All along, this was about providing equal protections to another group of people, but opponents made it about themselves: their beliefs, their speech, their morality.

To raise concerns about morality, and exemplify their freedom of speech, they rallied around disgust. Just like City Councilwoman Elisa Chan, they were disgusted by gays. And just like Chan, they were exercising their freedom of speech to express this disgust.

“At a certain point, when you listen to some people speak, what they are saying is, ‘I want to reserve the right to not serve these people. I want to reserve the right to discriminate against these people, and you are taking that away from me,’” City Councilman Diego Bernal said.

“And my response is, ‘Well, yeah. If there is one right I am taking away from you, it’s your right to discriminate against this group.’”

In this sense, opponents to the nondiscrimination ordinance were just as tone deaf as Aaryn Gries, the Texas State University student whose bigoted comments on the reality show “Big Brother” drew national attention.

And in that sense, it’s good to see these folks let it all hang out. Let’s all be clear about who stands for what. Since Brodesky brought up the infamous CM Chan, let’s go back to the first story linked in this post for one more point to make.

During the course of public testimony, many speakers said the opposite, citing scripture as evidence of what they consider immoral acts.

Councilwoman Elisa Chan, whose secretly recorded May 21 staff meeting on the issue thrust the debate into the national spotlight, has alternatively become a pariah and a heroine.

Last week, when the council met to discuss the proposal, she was greeted by a standing ovation. Later, ordinance supporters chastised her for disparaging remarks she made in the secret recording about the LGBT community.

In it, Chan called gays “disgusting” and said they shouldn’t be allowed to adopt children. On Thursday, Chan expressed disappointment in the process.

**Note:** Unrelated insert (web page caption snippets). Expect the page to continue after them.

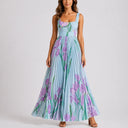 Robe Maxi Fleurie Plissée à Imprimé Jardin pour Femme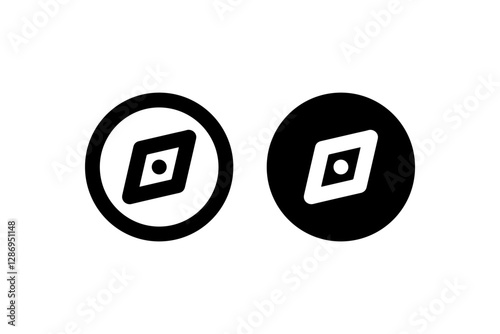 Black and white compass navigation icons Vector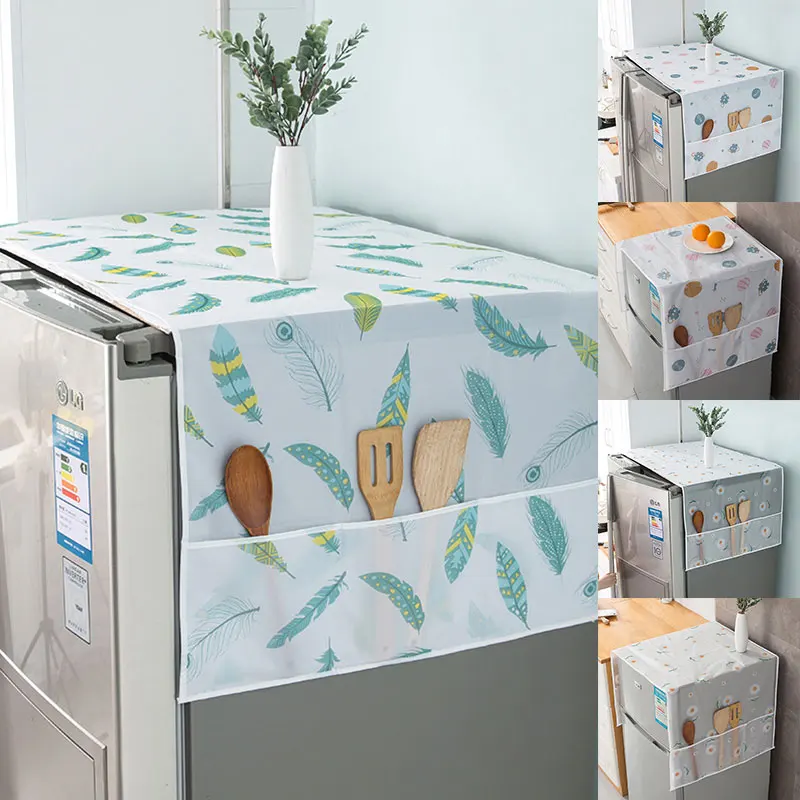 

Refrigerator Dust Cover Refrigerator Cover Storage Bag Dust Cloth Household Printed Top Cover Cloth Dustproof Home Storage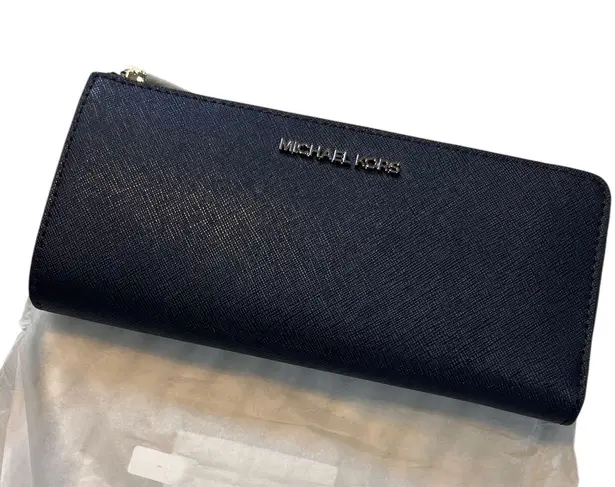 Michael Kors Jet Set Travel Large Wallet Navy Saffiano Leather Zip Around NWT Blue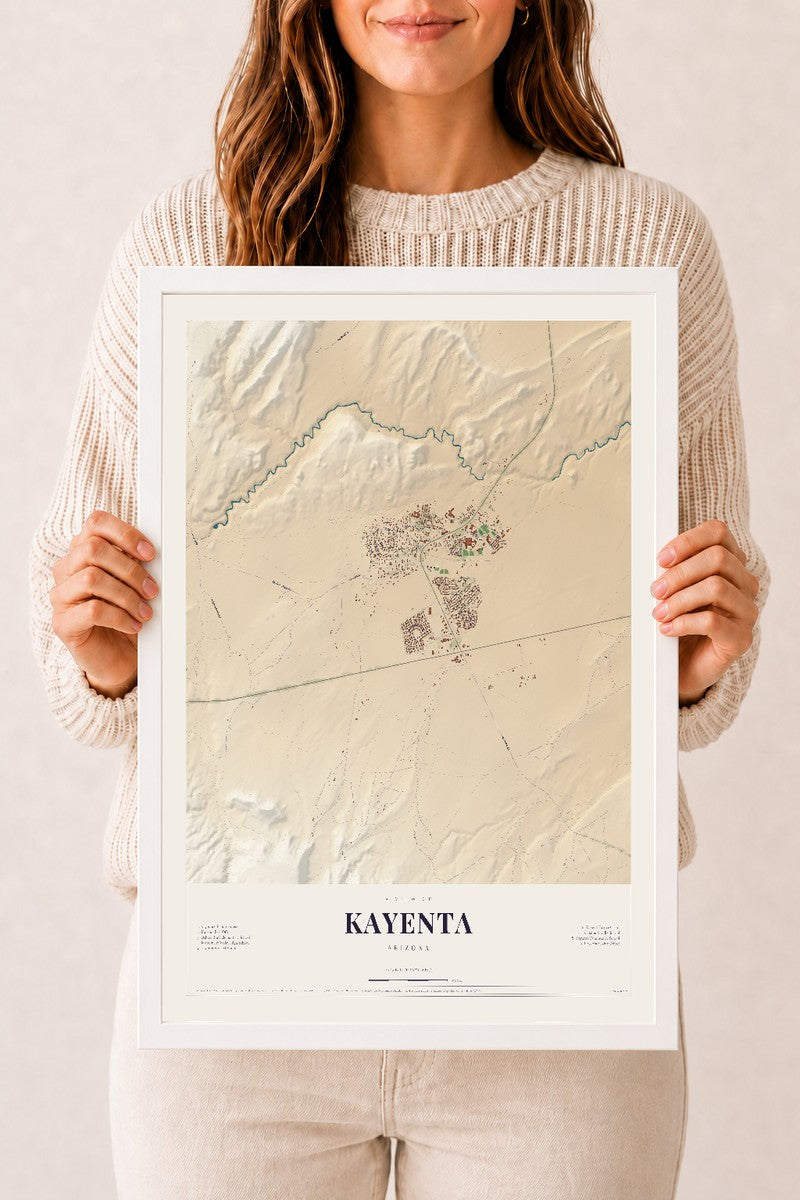 Kayenta, Arizona map print, 12" x 18", W/ White Ayous Wood Frame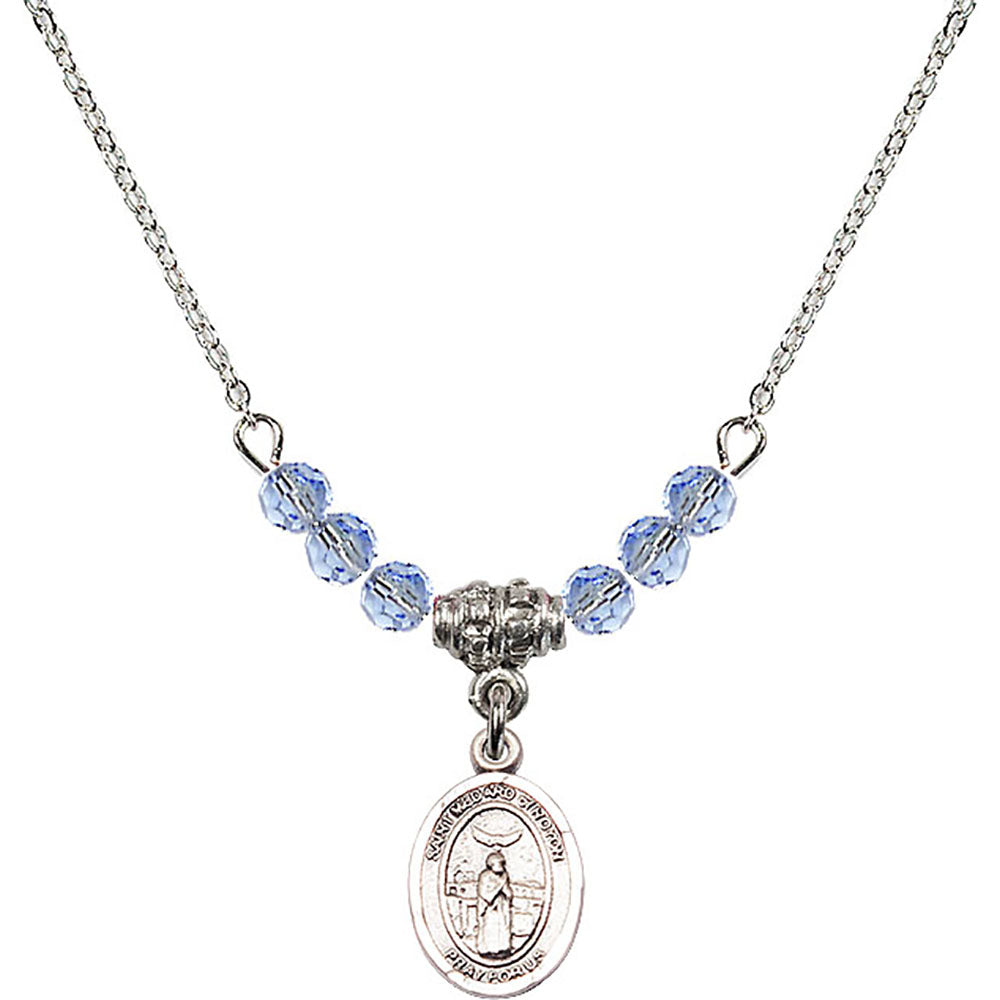 Sterling Silver Saint Medard of Noyon Birthstone Necklace with Light Sapphire Beads - 9444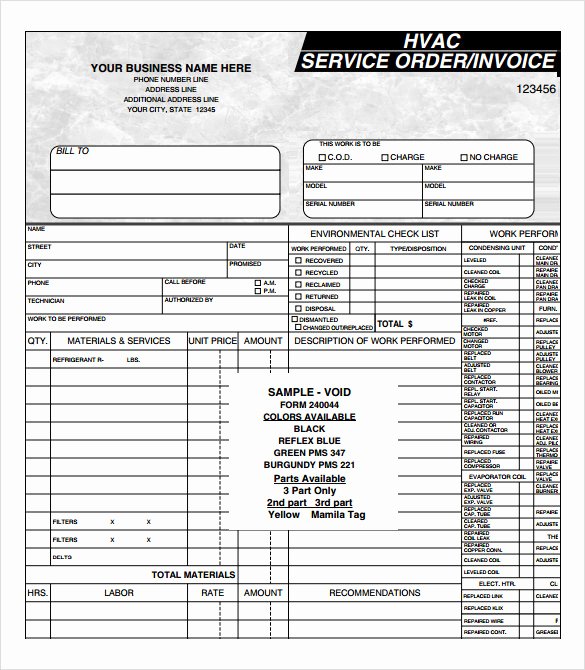 Service Invoice Template Pdf Awesome 14 Hvac Invoice Templates to Download for Free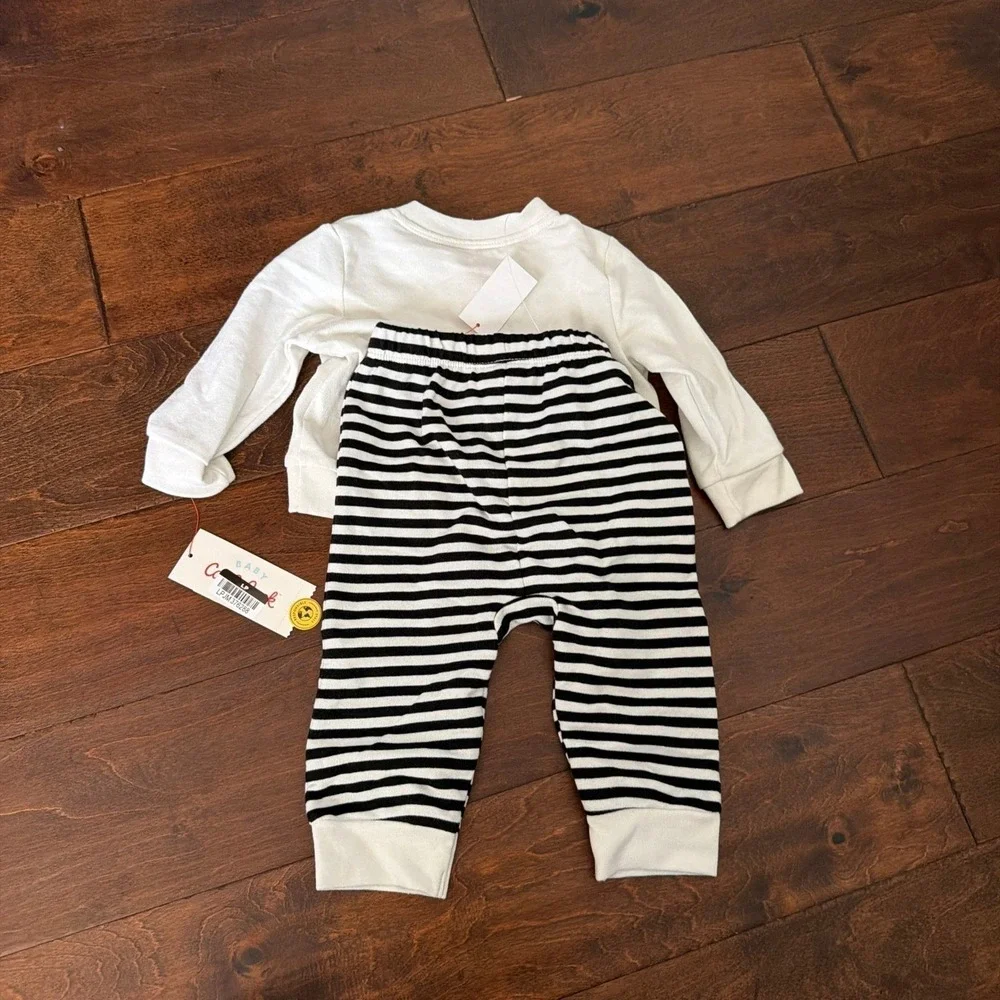 Cat & Jack 18 M Halloween Sweatshirt and Striped Jogger Set  Cat Dog Trick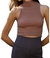 Seamless Turtle Neck Crop Top In Mocha - Mocha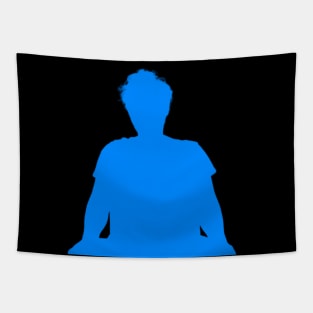 Seated man blue silhouette. Tapestry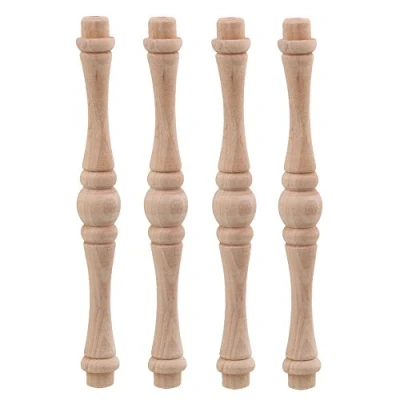 Image of BQLZR 15.5cm Length Vintage European Style Cabinet Accessories Unfinished Wood Natural Cutout Wooden Spindle Pack of 4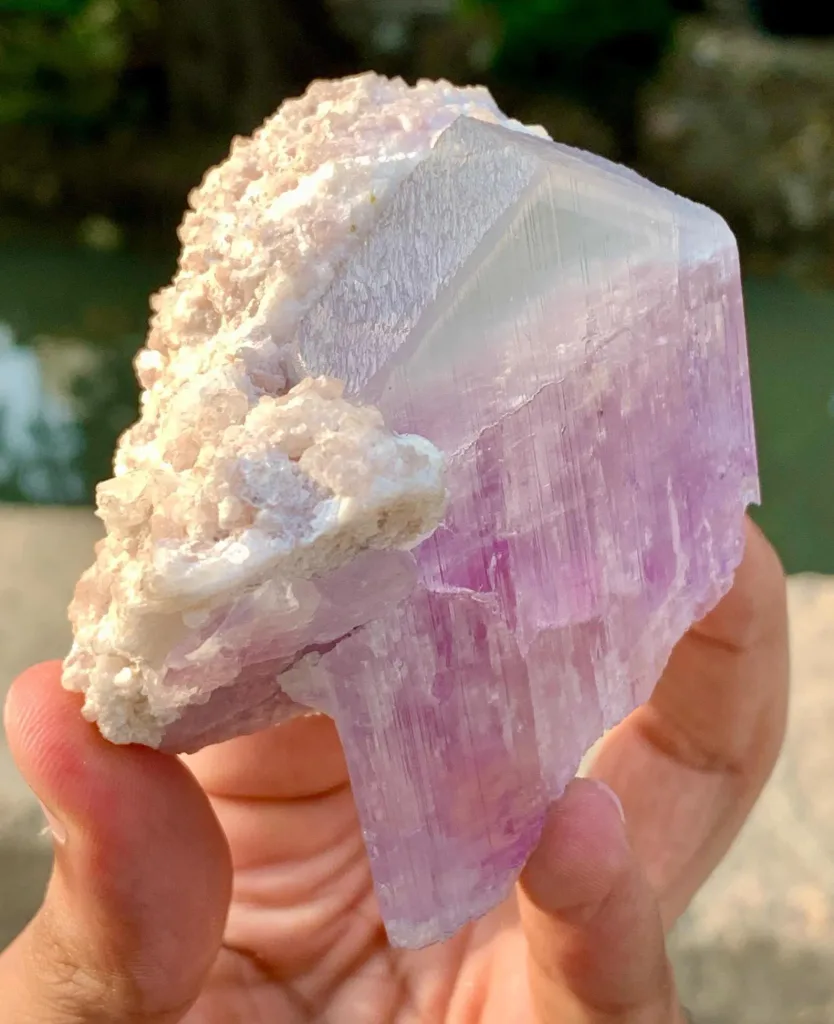 Bicolor Blue & Pink Twinned Kunzite Crystal from Afghanistan Natural UV Reactive Mineral Specimen - image 9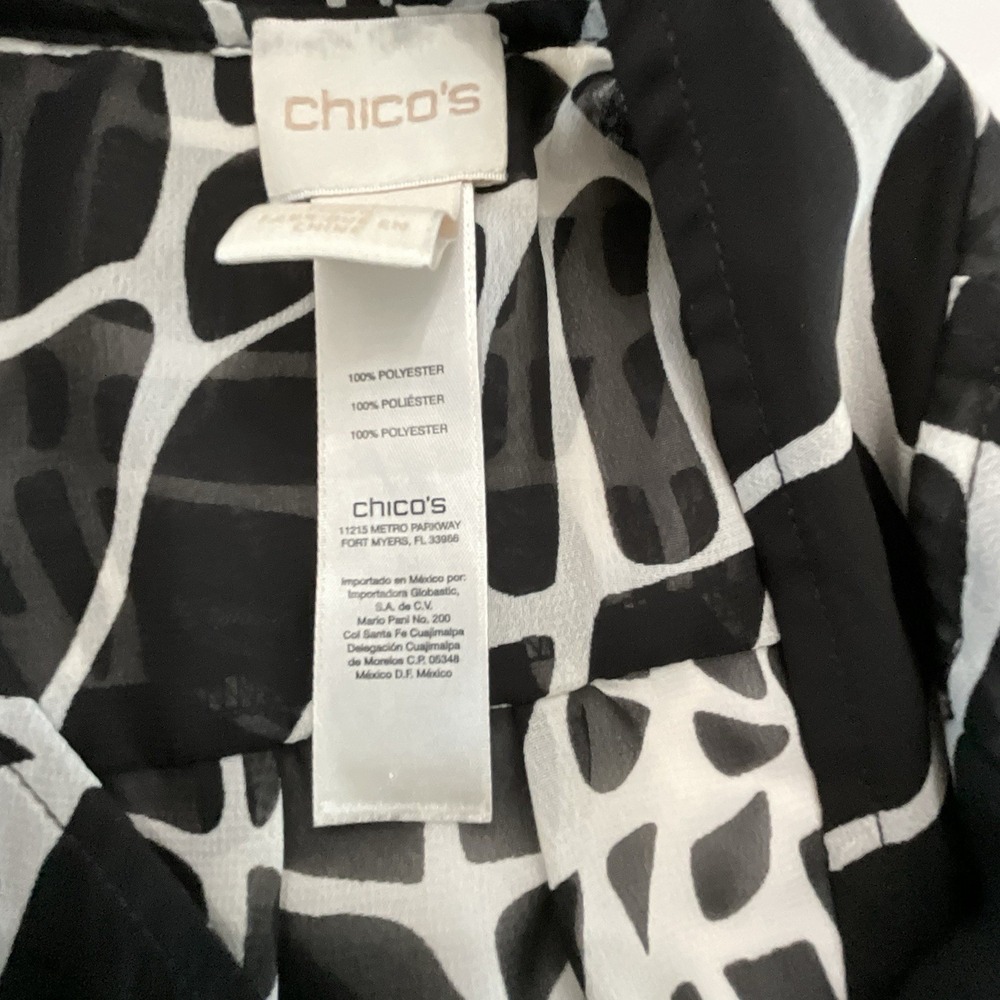 Chico's Sleeveless Blouse Abstract Print Black White Size 1 Sheer‎ Top - Picture 4 of 8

“Over the course of this debate, tolerance has separated itself from understanding and has become a dictate to agree. I have not heard a single person who said he or she agrees to any form of discrimination,” Chan said. “Just because I disagree with the lifestyle choices of the LGBT community doesn’t mean that I dislike them.”

No, Council Member Chan. You don’t get to be nice. You are working to deny other people their civil rights. You need to own that. If you were capable of hearing how your words might sound to someone who is directly affected by them, you might be able to understand that.